New Zealand rock music journalist

John William Dylan Taite (2 November 1937 – 22 January 2003) was a New Zealand rock music journalist. Born in Liverpool, he began working as a television journalist in New Zealand in the early 1970s. A passionate music fan, Taite established his reputation with eccentric interviews of famous musicians such as Bob Marley and Lou Reed.

Taite has been acclaimed at having a passion for highlighting up-and-coming musicians and presenting his material in a way that could engage general audiences.

==Life and career==
Dylan Taite was born in Liverpool in 1937. He first received attention as part of a Beatles-inspired band called the Merseymen, in which Taite drummed under the stage name Jett Rink. This period is credited with giving Taite the music industry connections that he would later leverage in his journalistic career. After the breakup of the Merseymen in 1965, Taite moved to Christchurch later in the decade.

After arriving in New Zealand, Taite took a job with the New Zealand Broadcasting Corporation (NZBC)'s television division. In this position, he initially rose to prominence after securing an exclusive interview with the Rolling Stones. Taite continued to work at NZBC, and its successor TVNZ, for three decades.

During a 1976 visit to London, Taite interviewed the Sex Pistols outside Buckingham Palace. This interview is credited with inspiring the famous photo, taken the following year, in which the Sex Pistols sign their record contract in the same location.

Taite was involved in a car accident in December 2002. Though the accident initially seemed minor, Taite's health deteriorated in its aftermath. He died on 22 January 2003 after falling into a coma earlier in the month.

==Interview style==
Taite was renowned for his ability to secure interviews, even with subjects who were otherwise resistant to interviewing. In one such example, Bob Marley came to Western Springs for a 1979 concert and was refusing all interviews. Taite waited at Marley's hotel and joined a pickup soccer game with the touring musicians, using the opportunity to build rapport and convince them to allow the interview. Taite was also known for being able to outmaneuver rival publicists by pulling musicians into surprise interviews at airports or hotels.
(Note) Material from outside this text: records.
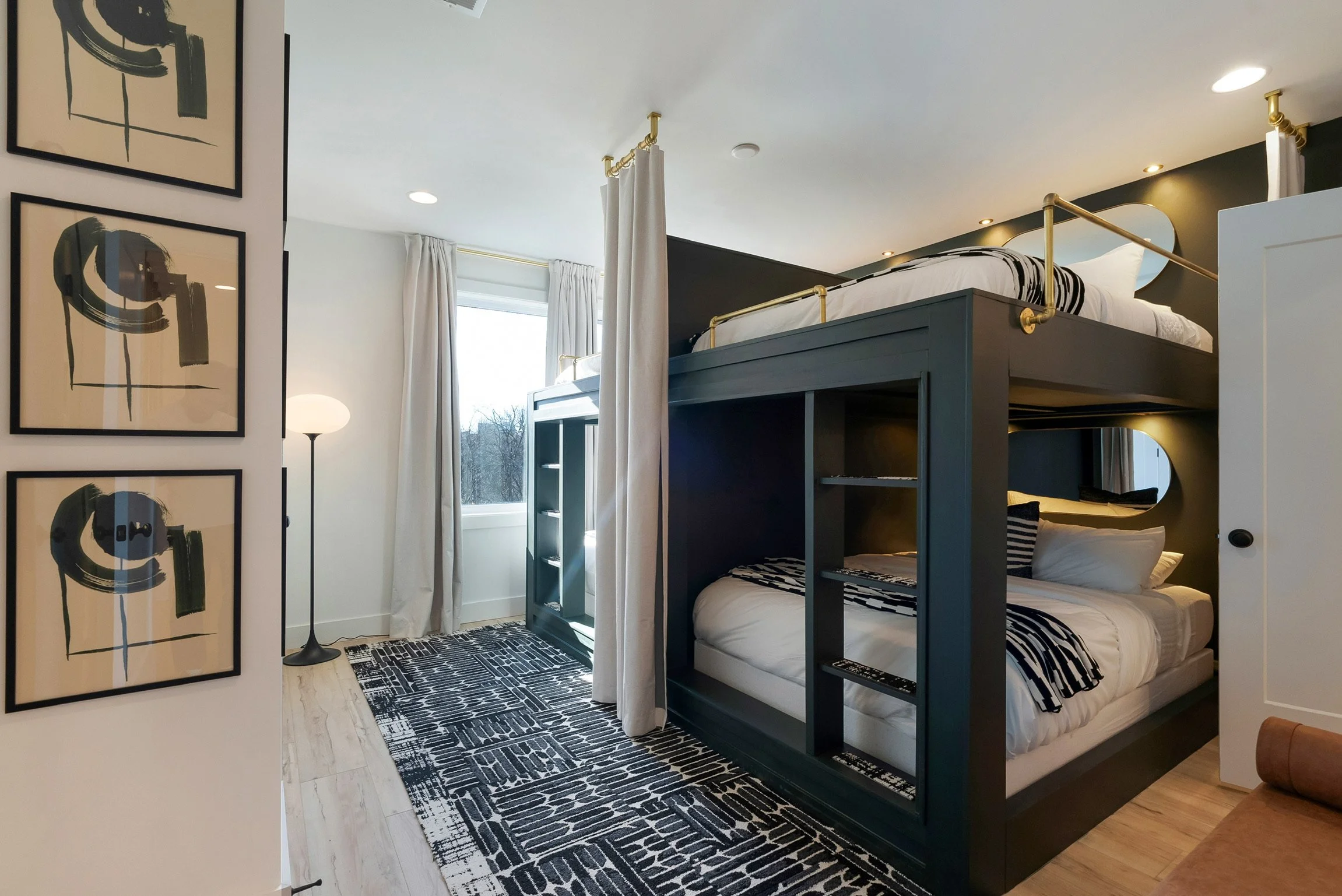 A room with bunk beds, a window with white curtains, and wall art featuring abstract black and beige designs. There's a lamp to the left and a rug with black and white patterns on the floor.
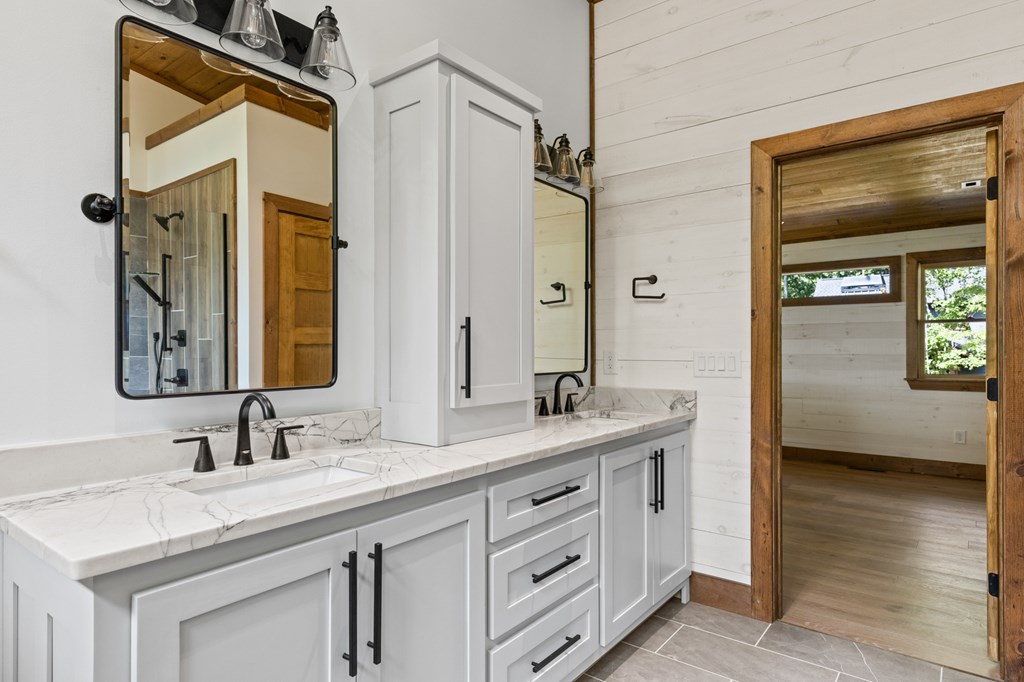 394 Mountain Trace Cherry Log, GA 30522 - Photo 45 of 70 a bathroom with a sink double vanity and a mirror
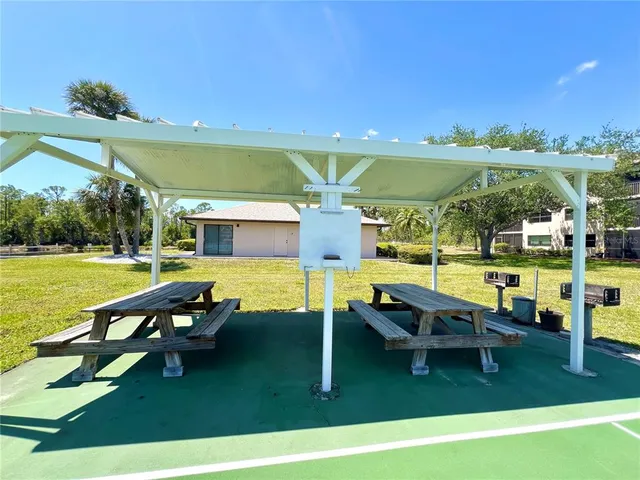 a view of a swimming pool and lounge chairs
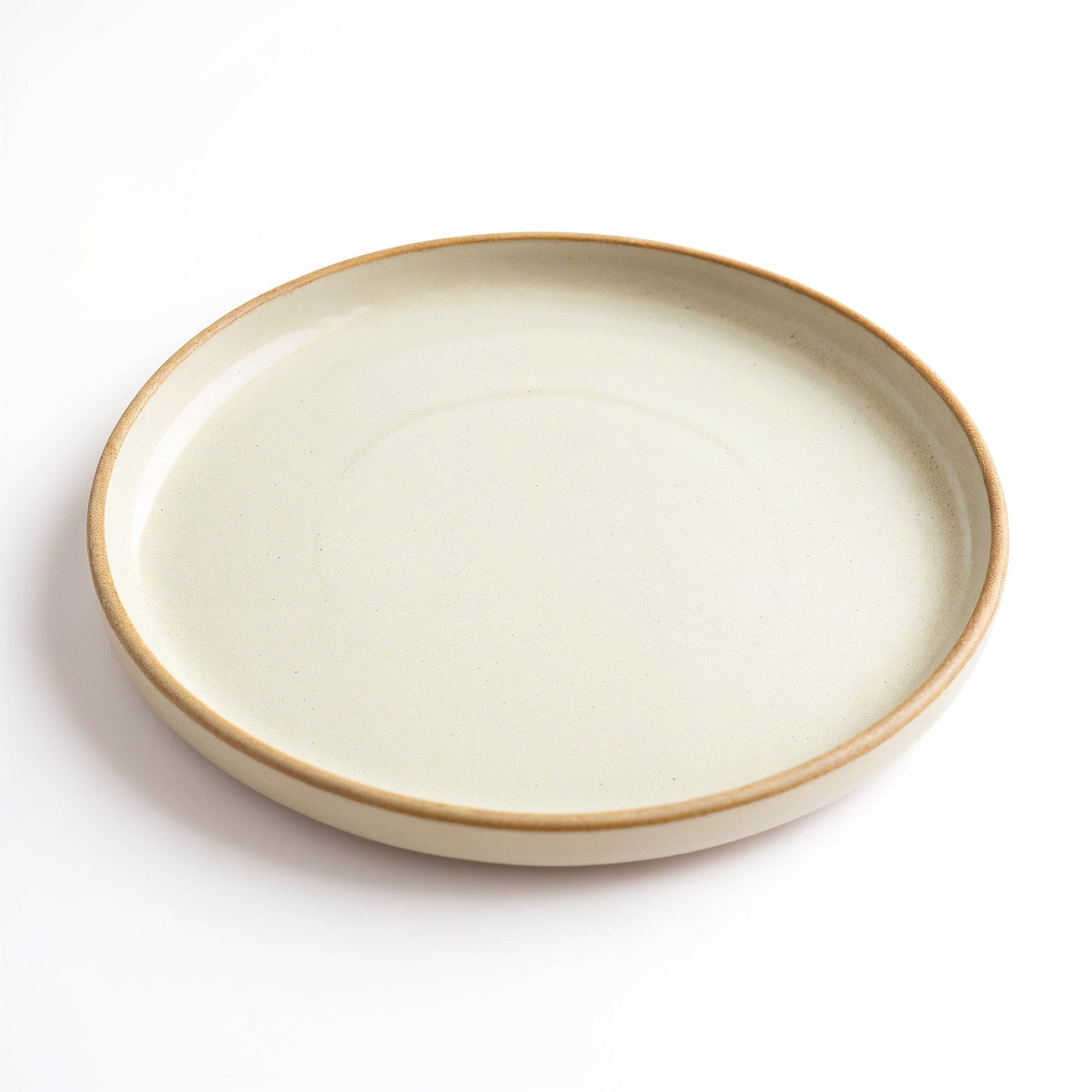 Danmero Eggshell Dinner Plate — three-quarter angled view showing top face, glaze, and raised rim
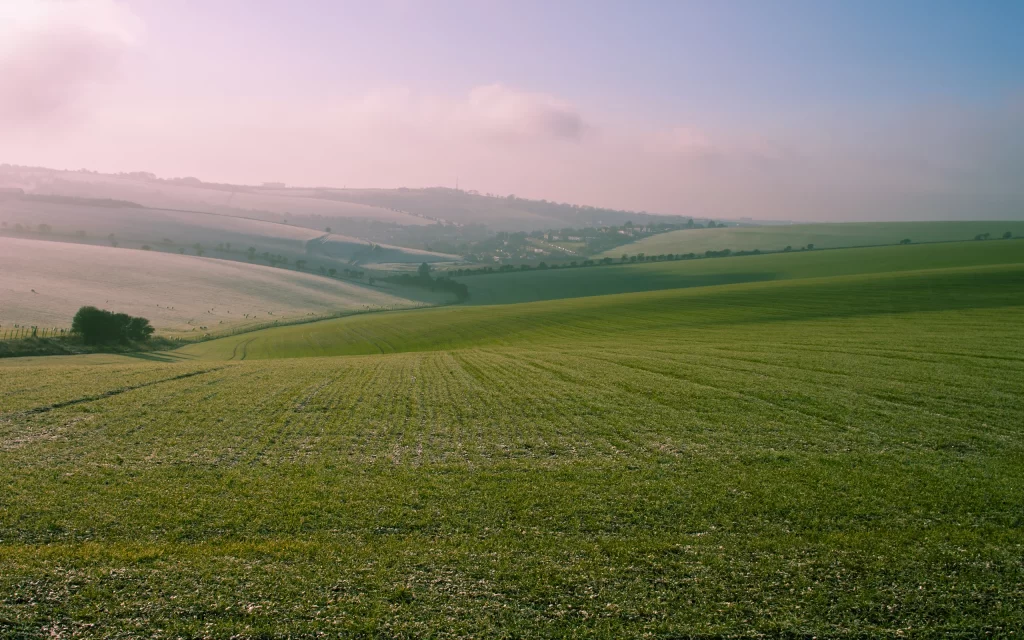 Rolling Hills Green Fields Blue Sky Clouds Sunrise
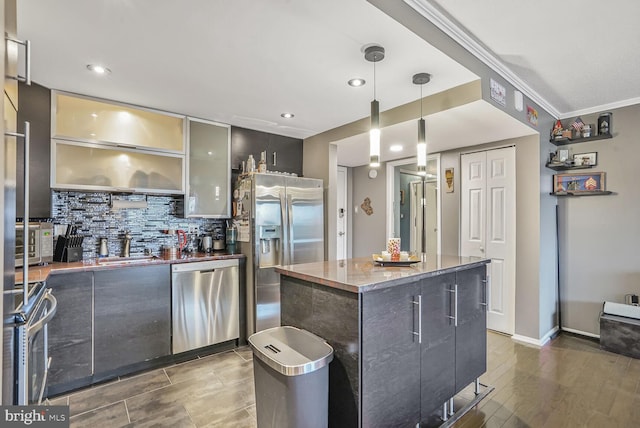 kitchen featuring stainless steel appliances, tasteful backsplash, hanging light fixtures, a sink, and modern cabinets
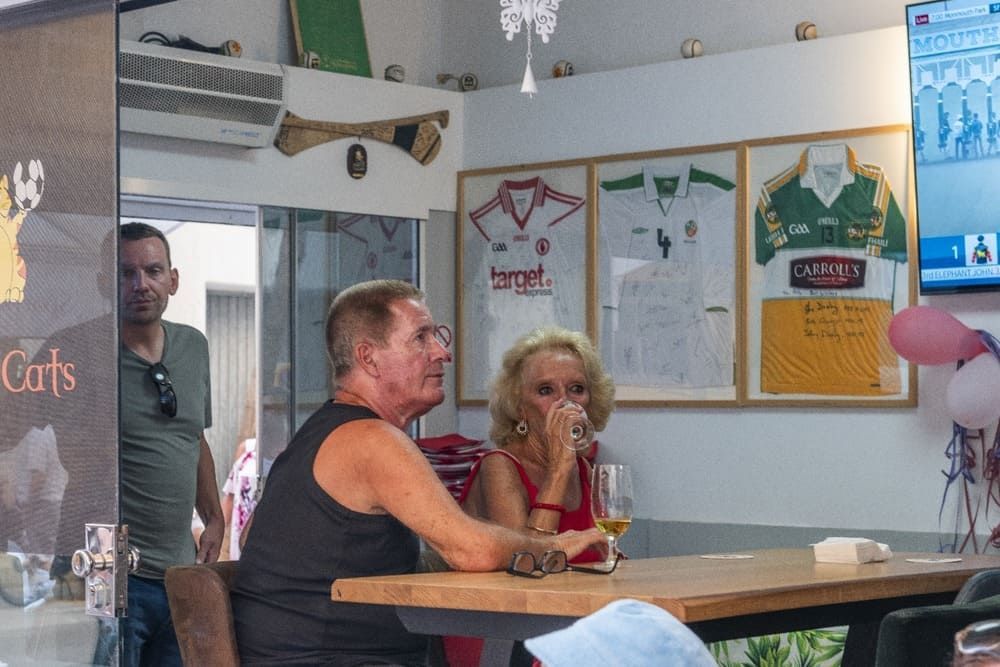 Un hombre y una mujer están sentados en una mesa bebiendo vino.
Taite's interviews were also known for their unorthodox composition. The footage was characteristically shot shakily, at extreme angles, and would be edited together to create a rapidly-shifting pace and framing. Former colleagues recall that Taite would wait to submit his interviews until the last moment before their deadlines, so as to prevent studio executives from re-editing his material.

==Legacy==
Upon Taite's death, Judith Tizard – then the Associate Arts, Culture and Heritage Minister – remarked:
Dylan Taite's personal passion for music and his unique broadcasting style have left a huge imprint on New Zealand. Dylan's energy and enthusiasm, his broad intelligence and his deep respect for musicians and their work has been significant and inspirational. [...] The confidence and success currently being realised in the New Zealand music industry is a testament to his work.

The Taite Music Prize, named in honor of Taite, is an annual award honoring the best New Zealand album of the year.